Sunday, February 13, 2011

Sudah Berakhirkah Krisis di Eropa?

Medan Bisnis, 24 Mei 2010
Indeks bursa saham di Amerika naik setelah sempat turun tajam dalam perdagangan beberapa minggu terkahir. Melemahnya mata uang Euro serta memburuknya kinerja harga komoditas memicu investor melepas kepemilikan portofolio di lantai bursa dan pasar keuangan.

Mata uang US$ pun kembali menjadi incaran di tengah kondisi yang serba tidak pasti seperti sekarang. Alhasil, US$ pun menguat terhadap sejumlah mata uang utama dunia termasuk Rupiah. Namun, keperkasaan US$ tidak serta merta diikuti oleh membaiknya kinerja indeks bursa Dow Jones yang dalam beberapa hari perdagangan terkahir berada di bawah tekanan.

Pada perdagangan jumat akhir minggu kemarinm, Dow Jones kembali unjuk gigi dengan menguat di atas 1 persen. Namun, penguatan tersebut lebih dikarenakan dengan membaiknya data-data perekonomias AS seperti data penjualan rumah baru, permintaan barang-barang yang meningkat serta daya beli masyarakat AS. Dimana untuk setiap data yang dikeluarkan tersebut mengalami kenaikan.

Berita positif untuk AS, dan akan mempengaruhi kinerja pasar saham dan pasar keuangan dalam negeri. Mungkinkah?, bukankah IHSG dan Rupiah dalam beberapa pekan terkahir juga luruh akibat dampak krisis dari Yunani dan Negara eropa lainnya. Bahkan Amerika juga kebagian dampak negatif dari memburuknya kinerja ekonomi dikawasan itu.

Kalau berbicara mengenai kemungkinan ya tentunya mungkin saja. Namun, mungkinkah kawasan eropa benar-benar telah pulih. Tentunya kita tidak dapat melihat dari kinerja indeks bursanya saja yang akhir minggu kemarin kebetulan ditutup di teritori positif. Karena Indonesia sebenarnya juga memiliki fundamental yang baik namun kinerja indeks bursanya masih saja jelek (diterpa guncangan eksternal).

Banyak ekonom yang memperkirakan bahwa Eropa masih sangat rentan dengan potensi krisis baru yang akan muncul. Bahkan ada yang menyimpulkan bahwa depresi hebat di tahun 1933 kemungkinan besar akan terjadi di Negara kawasan Eropa saat ini. Dikarenakan banyaknya hutang pemerintah di banyak Negara.

Dan rasio utang tersebut masih belum turun meskipun berada di kondisi yang stabil. Kalaupun pemerintah menggelontorkan sejumlah uang untuk menyelamatkan perekonomiannya baik dengan cara meminjam atau lewat subsidi.
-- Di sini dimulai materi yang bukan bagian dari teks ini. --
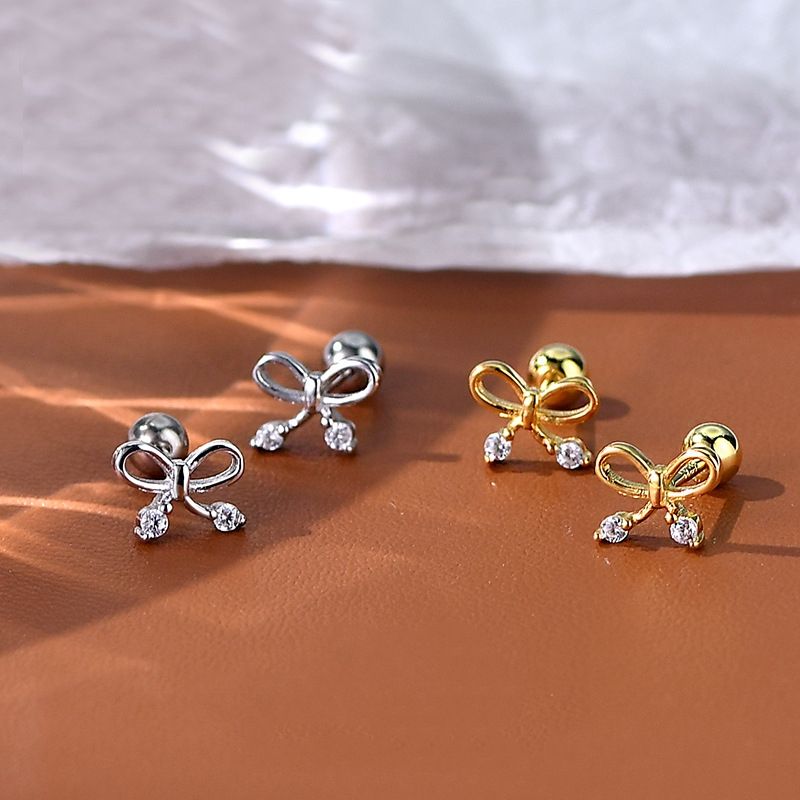 1 Pair Simple Style Bow Knot Plating Inlay Sterling Silver Zircon Ear Studs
Maka kemungkinan selanjutnya adalah tingginya inflasi dan bangkrut.

Sementara itu, dilain sisi defisit neraca yang terjadi sudah cukup besar sehingga akan menambah beban dan berpotensi menciptakan krisis yang baru. Masalah yang paling mendasar adalah bagaimana meningkatkan pertumbuhan sementara defisit dapat dikatakan anggaran sulit untuk dikendalikan. Maka resesi yang lebih dalam berpeluang untuk terjadi.

Bukan hanya Yunani. Portugal, Irlandia, Italia, Yunani, dan Spanyol (PIIGS) disinyalir memiliki permasalahan yang jauh lebih besar dibandingkan utang yang tinggi. Ekonom juga mempermasalahkan penguatan mata uang Euro selama periode 2006-2008. Sehingga berdampak pada mahalnya mata uang Euro yang saat ini tengah terpuruk terhadap mata uang dunia.

Hadirnya China sebagai motor penggerak ekonomi baru serta Negara di kawasan Asia lainnya turut memberikan kontribusi terhadap menurunnya daya saing di eropa. Bumi terus berputar dan terus merubah posisi setiap yang ada di dunia ini untuk terus mengikuti siklus hidup yang ditentukan dari alam. Guna meminimalisir kemungkinan resiko yang timbul akibat krisis, tetaplah berhati-hati apabila masuk ke bursa saham. Terlihat harga saham memang sudah murah, namun tidak ada garansi akan turun dan lebih murah lagi.